Directions: The copy should hold exactly the lines below from the one that contains "2-(2-bromoisobutyryloxy)ethyl methacrylate" through the one that contains "Parkerville East Mobile Home Park Picture 1" and nothing else, so no pictures.

Items from a data source
* * *

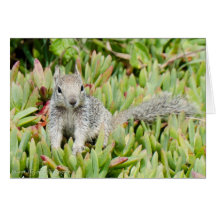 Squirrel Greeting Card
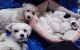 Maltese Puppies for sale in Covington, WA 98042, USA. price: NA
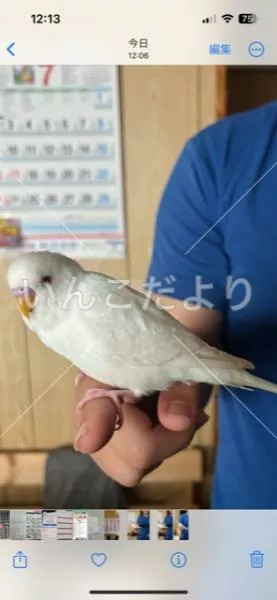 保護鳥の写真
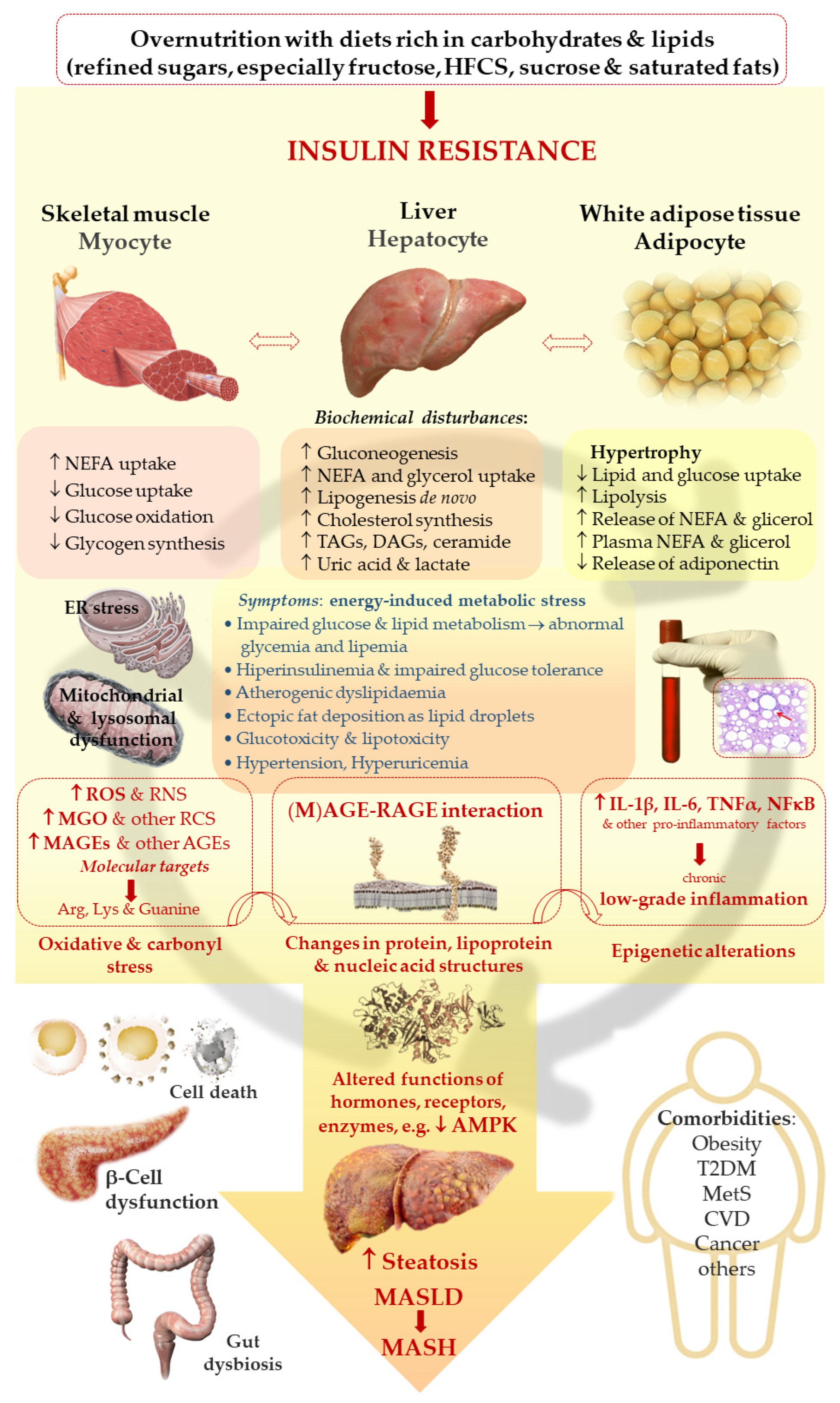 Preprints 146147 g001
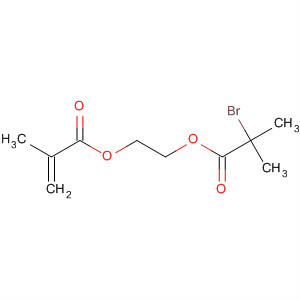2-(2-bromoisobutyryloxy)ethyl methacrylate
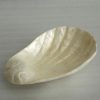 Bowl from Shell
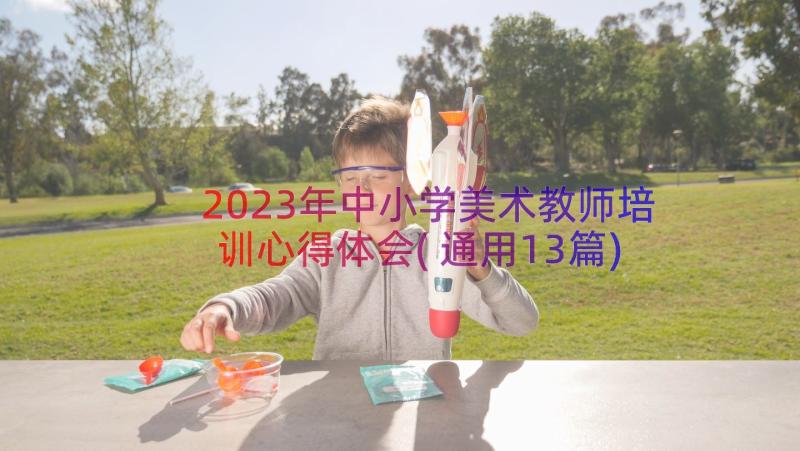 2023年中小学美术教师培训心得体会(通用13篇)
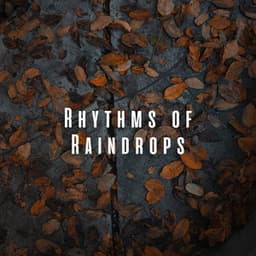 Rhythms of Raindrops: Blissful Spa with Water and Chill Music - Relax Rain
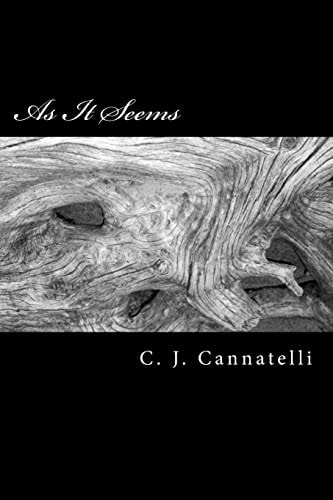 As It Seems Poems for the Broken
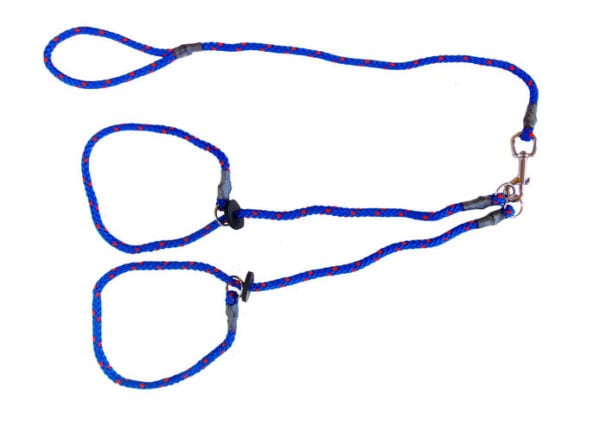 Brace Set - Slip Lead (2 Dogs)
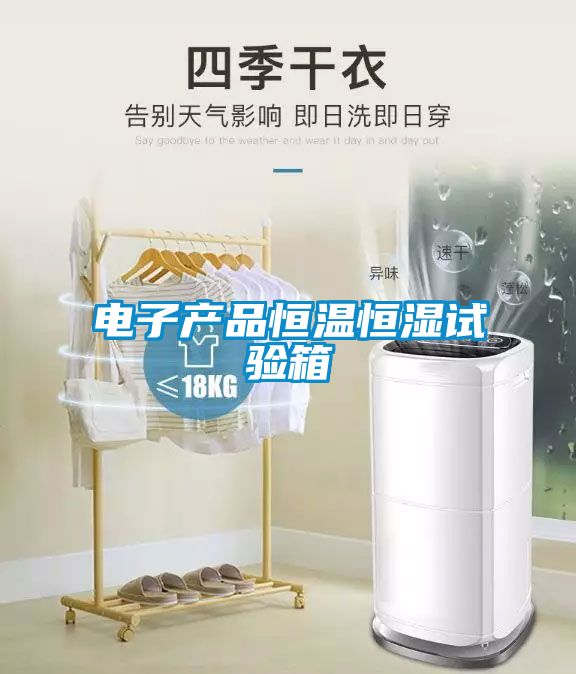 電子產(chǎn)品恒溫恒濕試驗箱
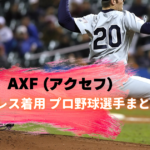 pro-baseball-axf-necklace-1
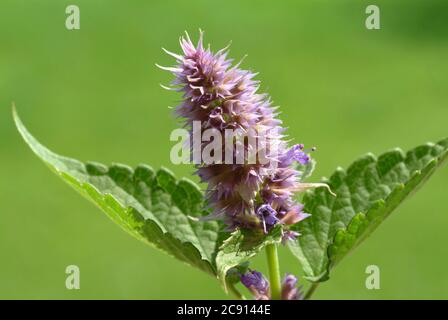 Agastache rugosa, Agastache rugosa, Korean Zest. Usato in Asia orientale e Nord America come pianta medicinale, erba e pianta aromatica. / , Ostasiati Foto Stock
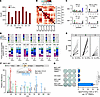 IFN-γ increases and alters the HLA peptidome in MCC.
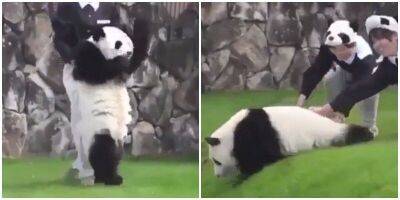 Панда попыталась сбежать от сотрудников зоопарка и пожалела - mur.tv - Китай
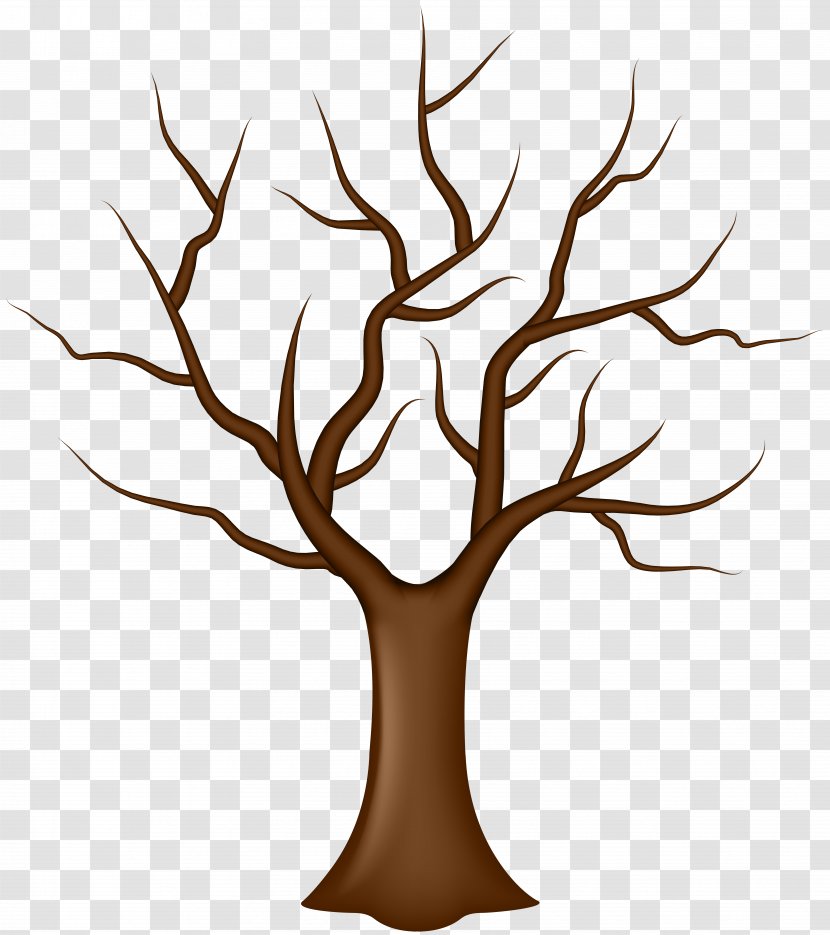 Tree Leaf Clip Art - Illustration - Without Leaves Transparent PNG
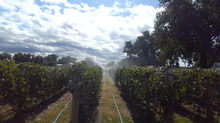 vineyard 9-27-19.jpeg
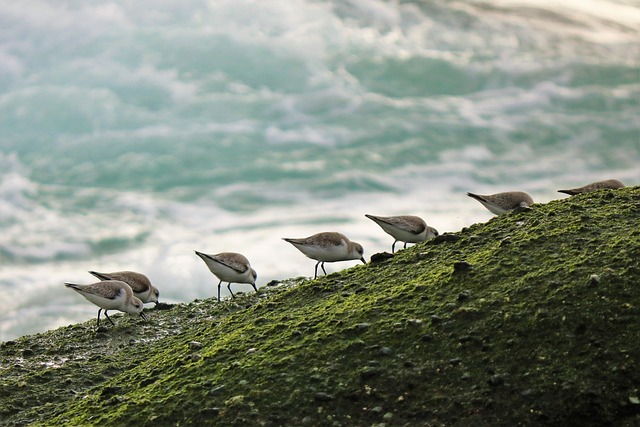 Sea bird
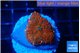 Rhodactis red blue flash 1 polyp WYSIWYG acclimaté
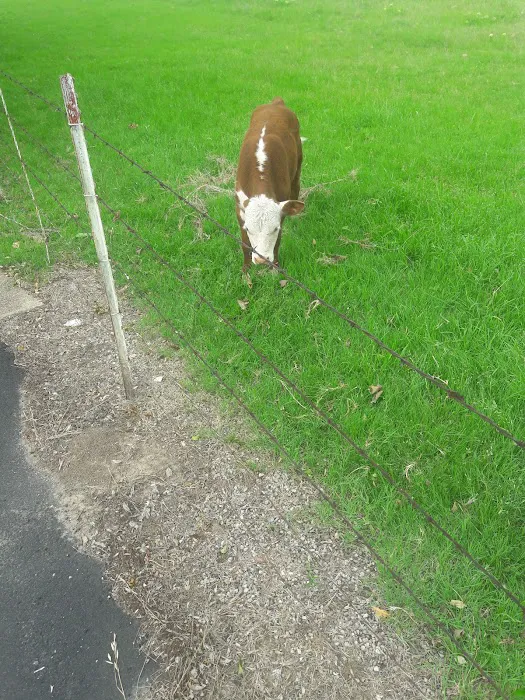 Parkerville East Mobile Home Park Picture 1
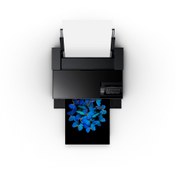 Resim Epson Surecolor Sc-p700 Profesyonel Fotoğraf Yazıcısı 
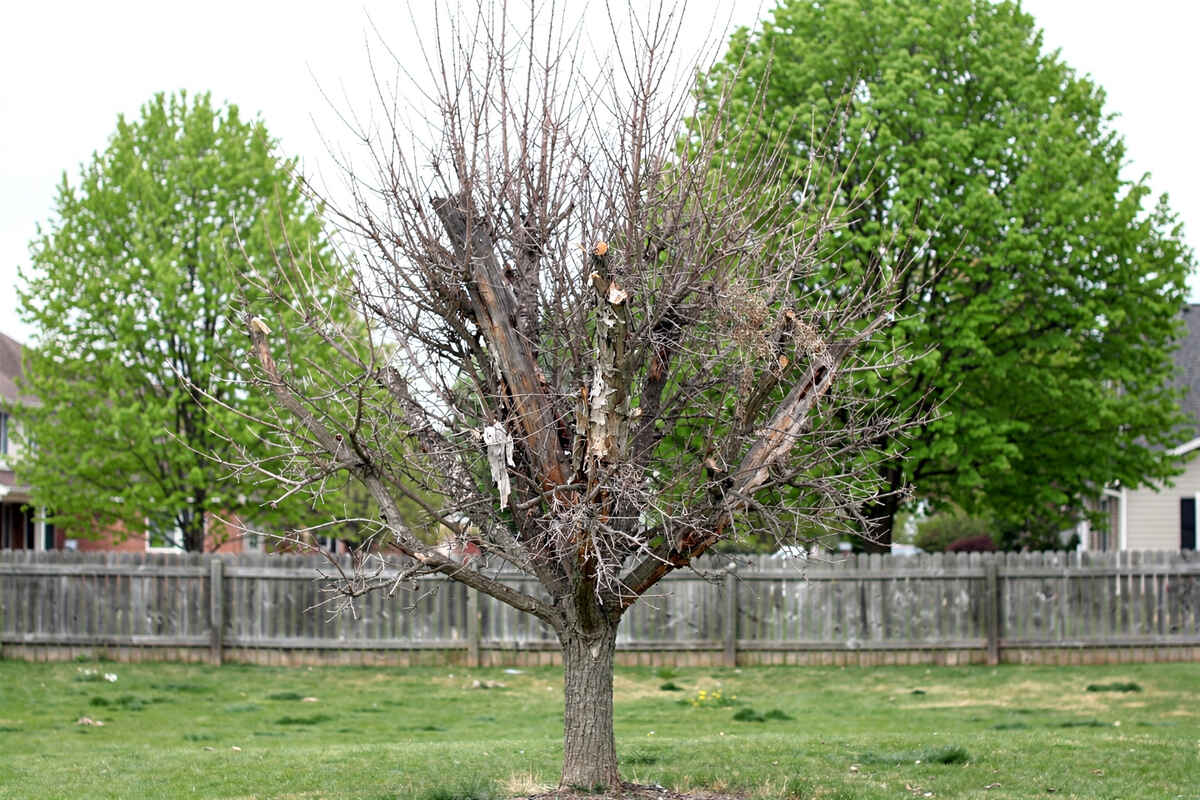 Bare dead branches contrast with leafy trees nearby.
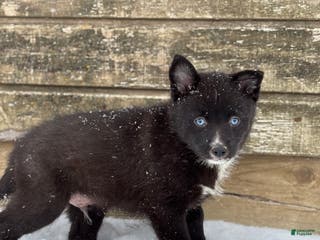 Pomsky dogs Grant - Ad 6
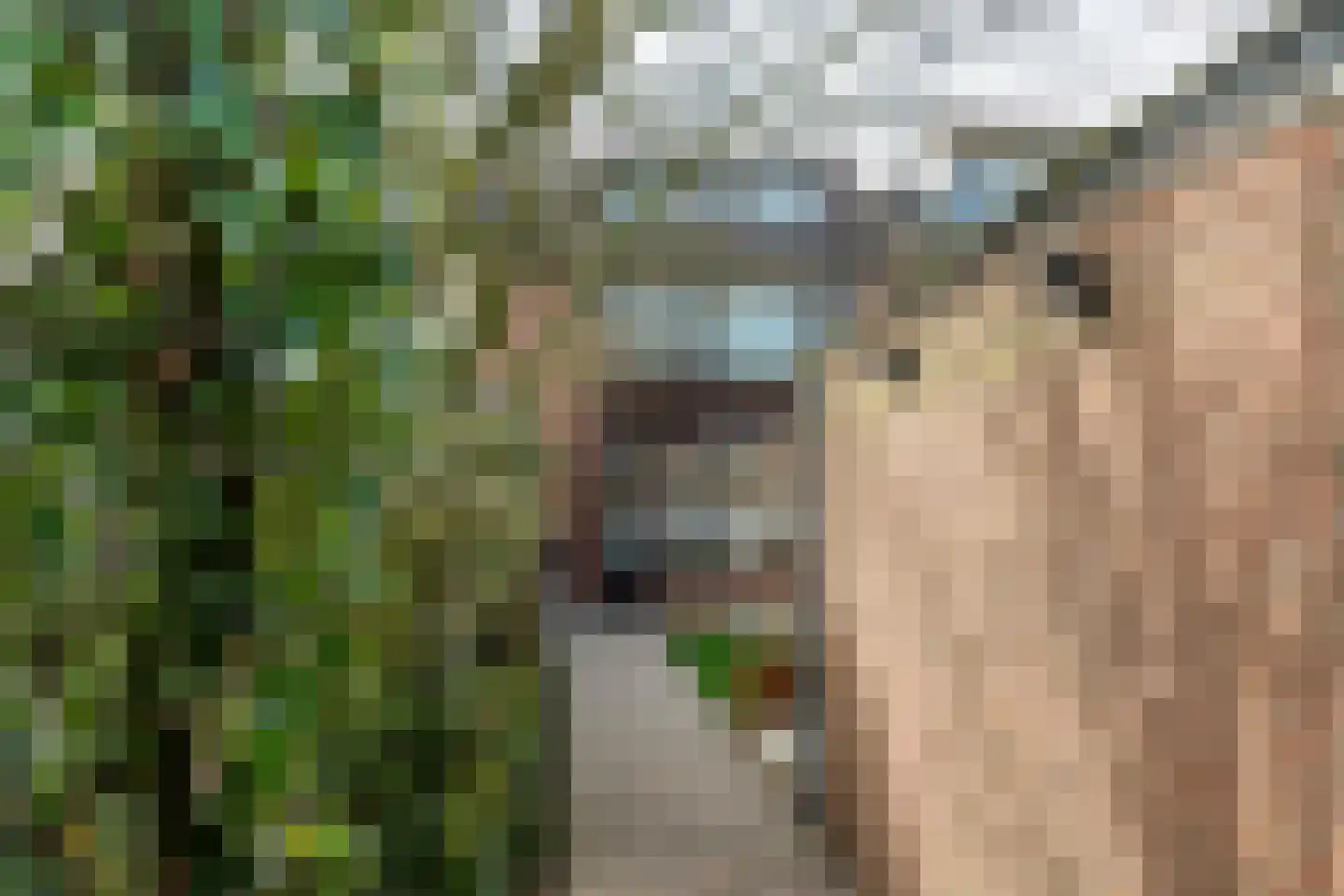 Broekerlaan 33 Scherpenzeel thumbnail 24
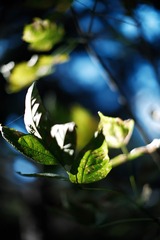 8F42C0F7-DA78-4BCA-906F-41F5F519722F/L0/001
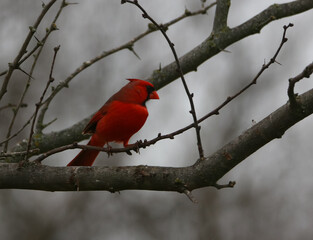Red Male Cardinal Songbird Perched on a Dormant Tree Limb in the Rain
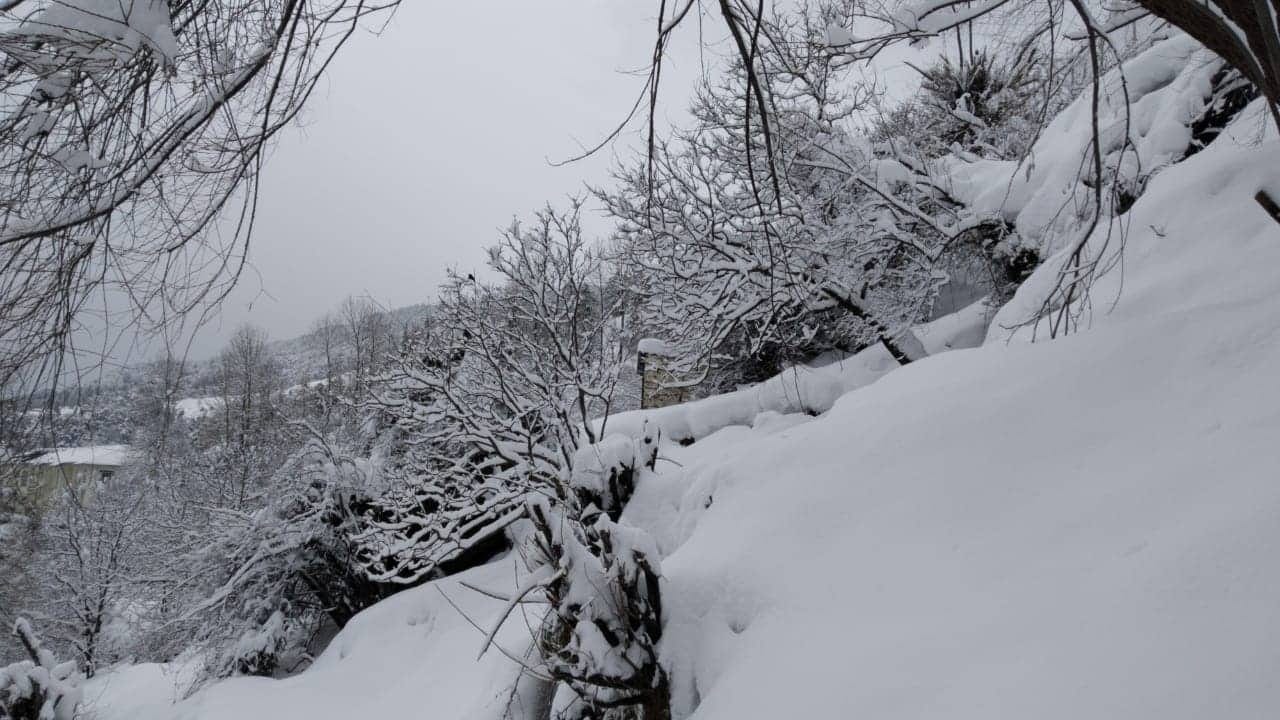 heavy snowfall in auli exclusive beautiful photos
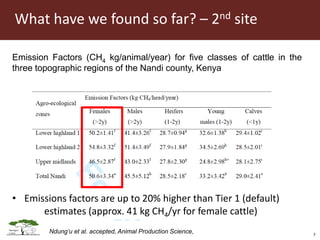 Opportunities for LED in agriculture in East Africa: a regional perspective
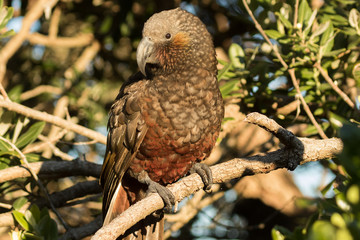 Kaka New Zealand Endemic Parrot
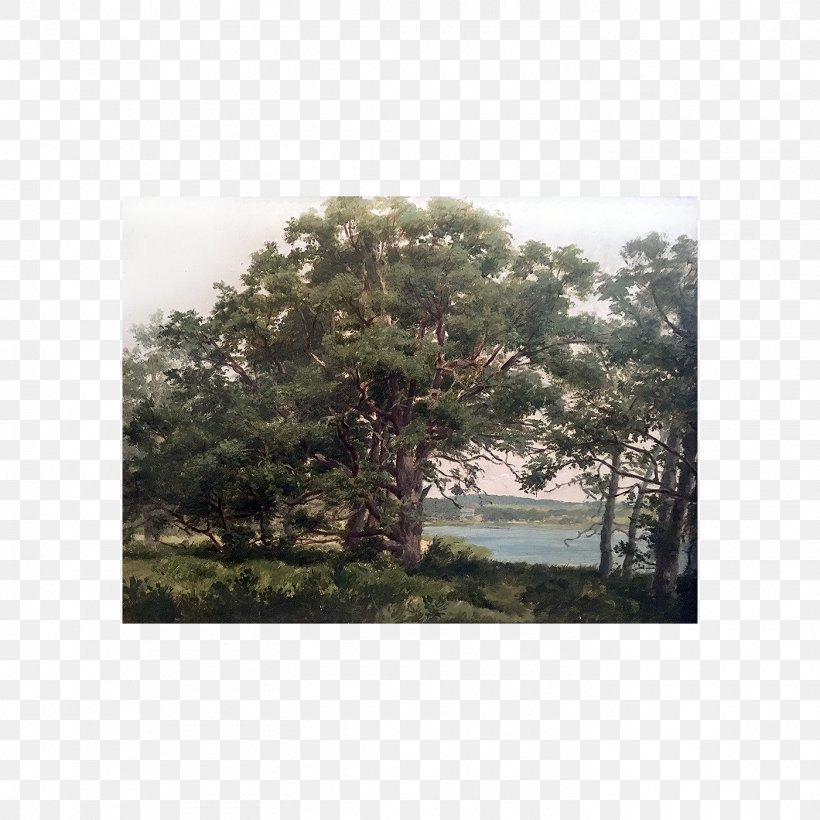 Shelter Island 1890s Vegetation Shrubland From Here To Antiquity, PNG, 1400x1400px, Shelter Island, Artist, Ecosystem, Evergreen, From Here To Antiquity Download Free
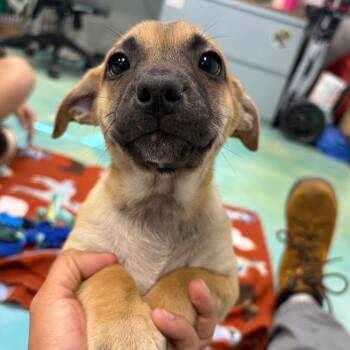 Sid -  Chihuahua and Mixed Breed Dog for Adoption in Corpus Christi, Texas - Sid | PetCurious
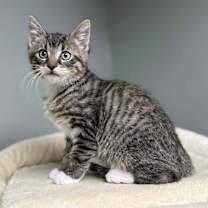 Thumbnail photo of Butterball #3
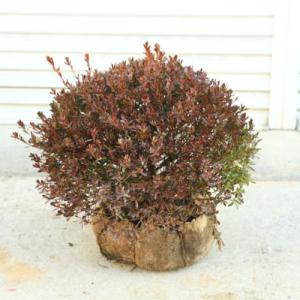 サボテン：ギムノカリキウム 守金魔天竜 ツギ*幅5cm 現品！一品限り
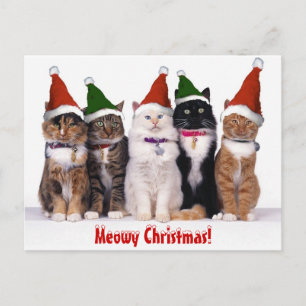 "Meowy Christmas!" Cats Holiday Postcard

* * *

Solution below:
2-(2-bromoisobutyryloxy)ethyl methacrylate
 Bowl from Shell
 2023年中小学美术教师培训心得体会(通用13篇)
 Rhythms of Raindrops: Blissful Spa with Water and Chill Music - Relax Rain
 As It Seems Poems for the Broken
 Brace Set - Slip Lead (2 Dogs)
 電子產(chǎn)品恒溫恒濕試驗箱
 pro-baseball-axf-necklace-1
 Agastache rugosa, Agastache rugosa, Korean Zest. Usato in Asia orientale e Nord America come pianta medicinale, erba e pianta aromatica. / , Ostasiati Foto Stock
 IFN-γ increases and alters the HLA peptidome in MCC.
 Панда попыталась сбежать от сотрудников зоопарка и пожалела - mur.tv - Китай
 Tree Leaf Clip Art - Illustration - Without Leaves Transparent PNG
 vineyard 9-27-19.jpeg
 Sea bird
 Rhodactis red blue flash 1 polyp WYSIWYG acclimaté
 Parkerville East Mobile Home Park Picture 1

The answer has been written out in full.